Eliminating the human face as a source of information –which an avatar courtroom could do—sounds rather troubling, perhaps almost dehumanising. It could be justified perhaps for judges, who should arguably be seen to be neutral umpires who should try to leave their personal concerns at the door of the court, or for lawyers who have a responsibility as agents of the court. Standardised avatars for professionals might be considered just one step further than donning robes and sometimes wigs.

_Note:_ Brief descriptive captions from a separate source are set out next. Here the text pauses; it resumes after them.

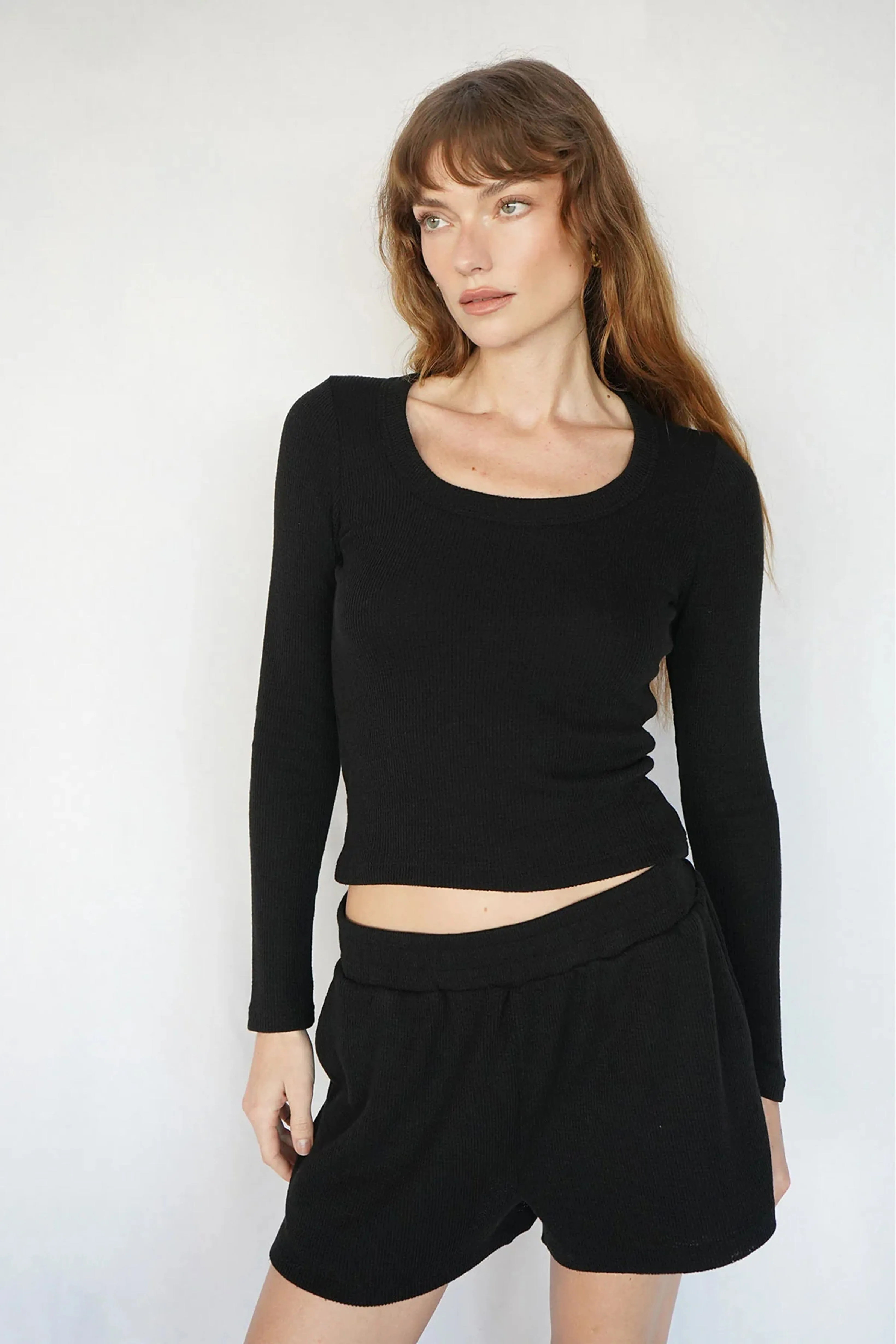 LNA | Crown Waffle Scoop Long Sleeve - Black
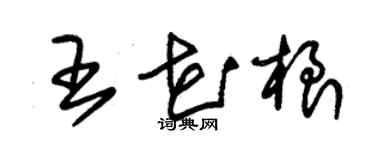 朱錫榮王花根草書個性簽名怎么寫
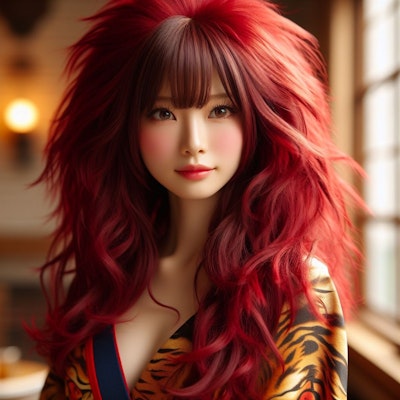 red long lion hair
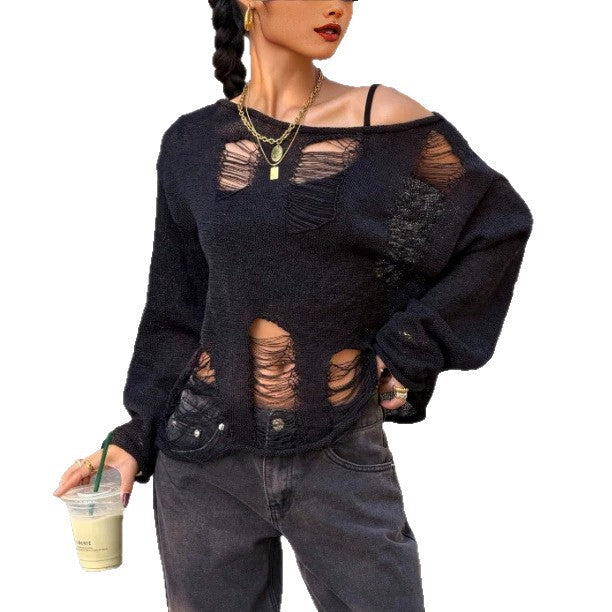 Korean style off-shoulder women's top - casual, relaxed fit, loose,  autumn new arrival, distressed & cutout long sleeve sweater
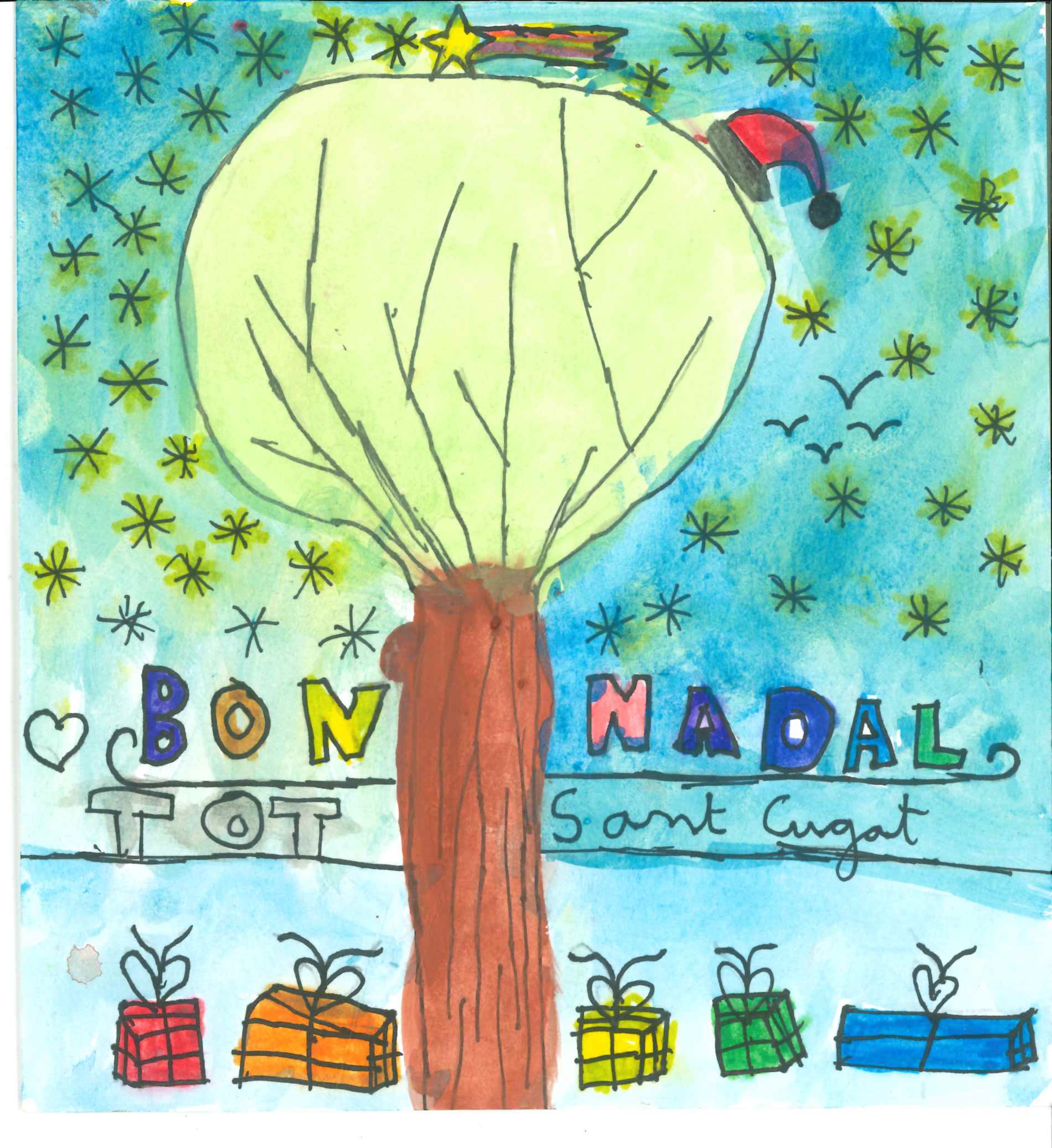 Postal de l'Escola Thau Sant Cugat del concurs del TOT Sant Cugat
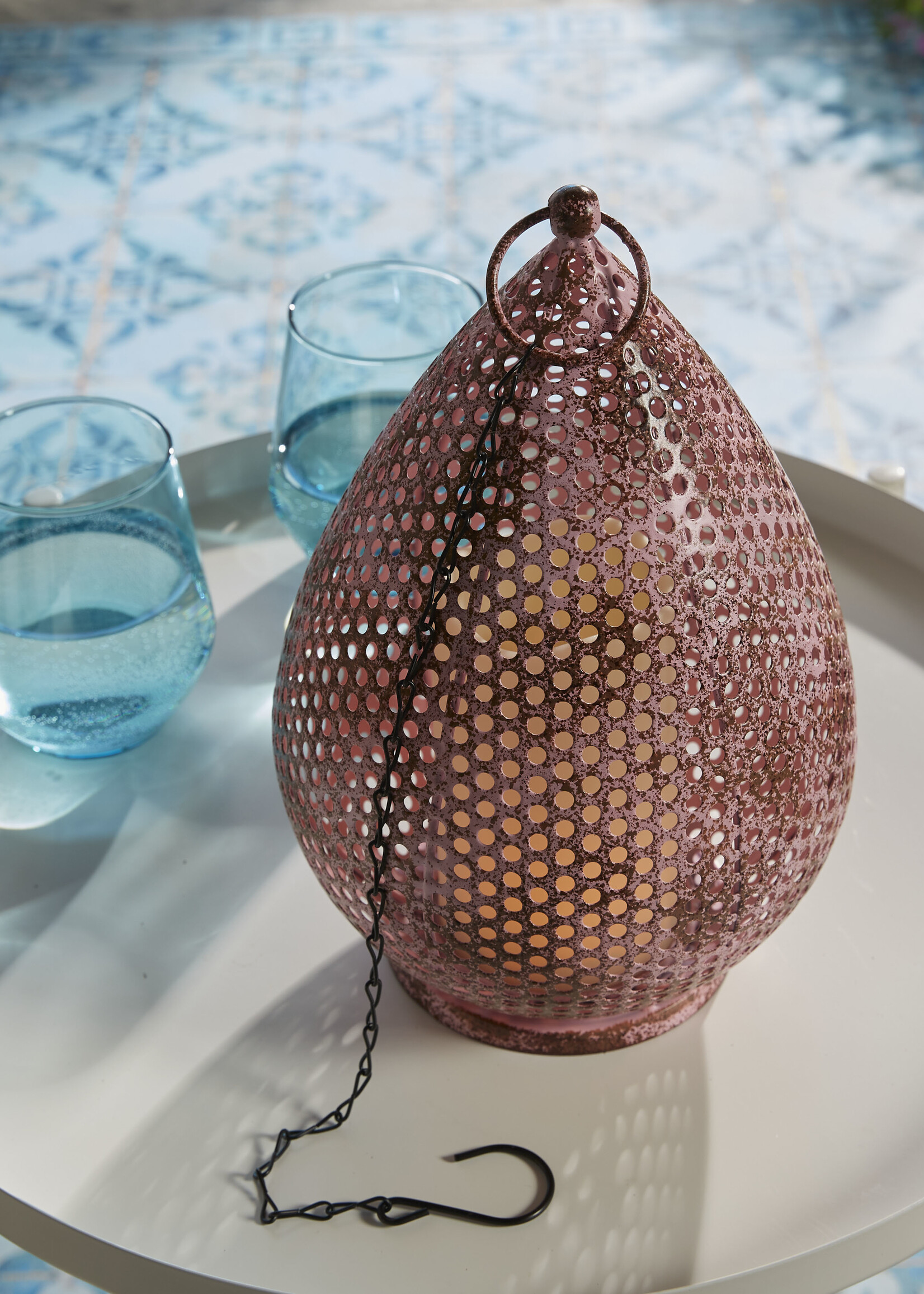 Luxform Accu/USB oplaadbare Marokkaanse stijl Tripolis tafel/hanglamp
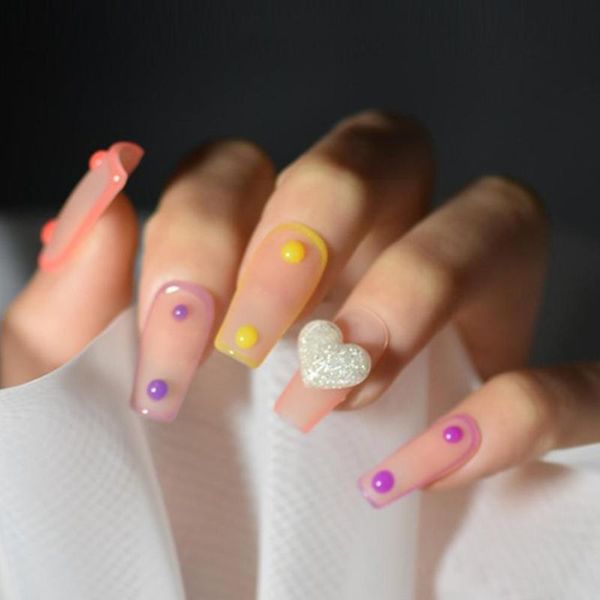 

nail glitter 3 sets of nails peach heart color fluorescent luminous art jewelry jump love decoration fashion n0o2, Silver;gold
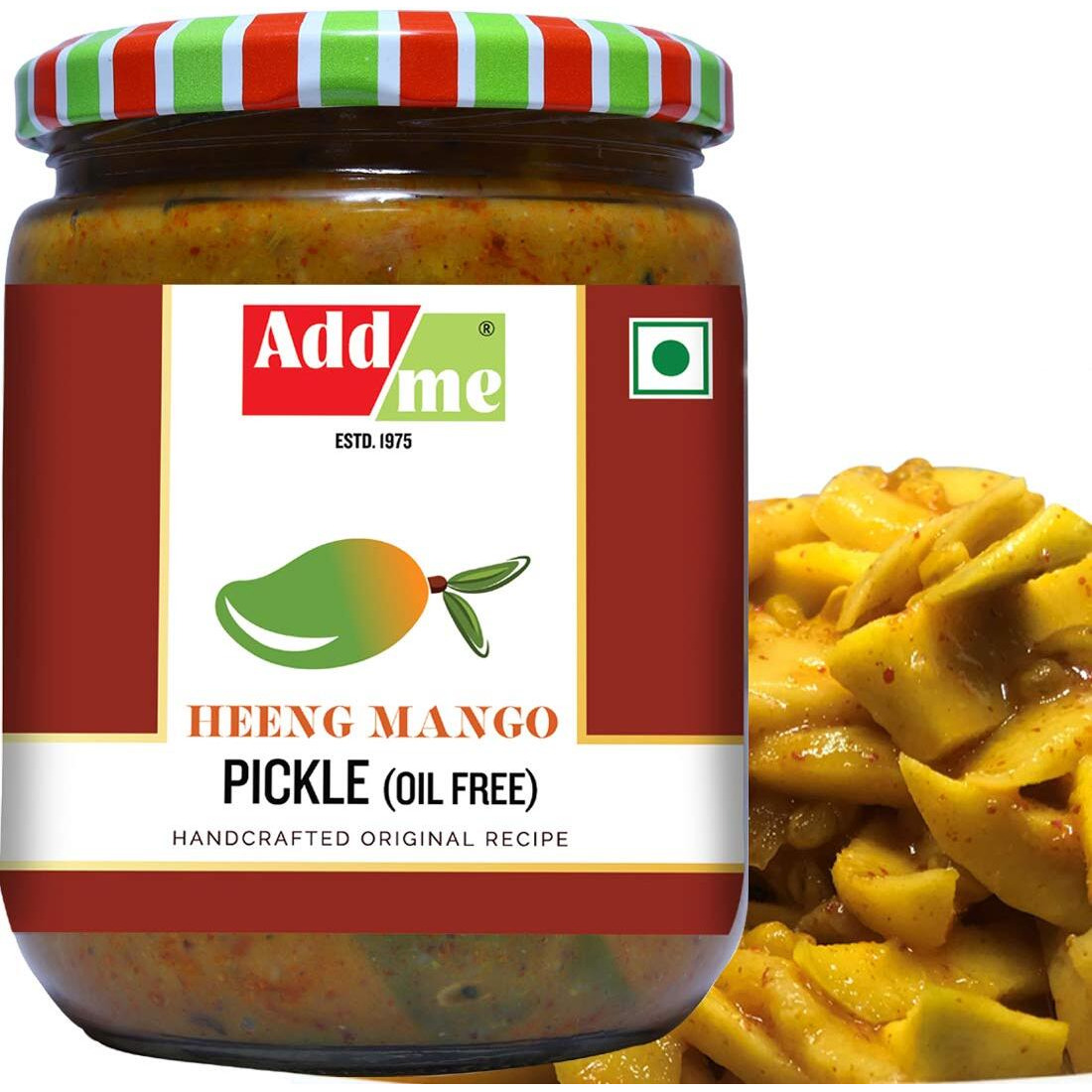 Add me Home Made Heeng Mango Pickles 500gm Without Oil Aam ka Achar Hing Lonji Glass Pack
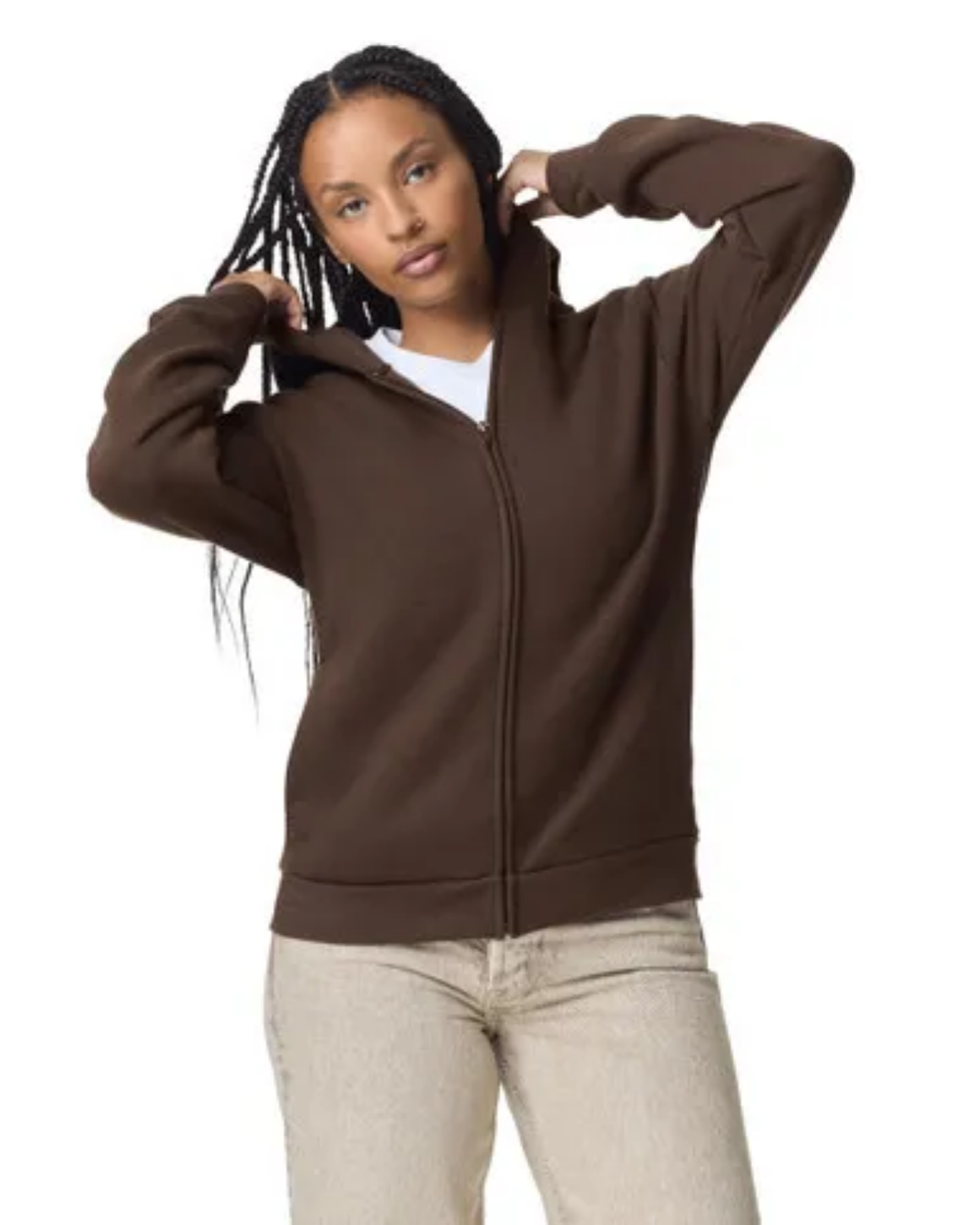 Blank Label Studios American Apparel - Zip Up Hoodie RF4971 Brown blank garment - ready for DTG & embroidery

But witnesses on the stand—is it not important to be able to detect a guilty conscience by the way the person fidgets, hesitates or avoids eye contact, in short, by their demeanour? And can’t you generally tell if a person is guilty by whether they seem shifty, look uncomfortable when others talk about them or feign boredom when the nature of their alleged crime is outlined? The answer to these questions is ‘No’; these cues are generally unreliable (Vrije et al., 2019). Relying just on oral evidence has been found to obtain more accurate decisions than having images of the witness as well (McKimmie et al., 2014). In a metaverse courtroom, having standardised avatars may thus avoid providing potentially misleading visual information about the person behind the avatar. The rituals in this interactive environment, however, may tell us what sort of legal world is being reproduced and what sorts of subjects are being created.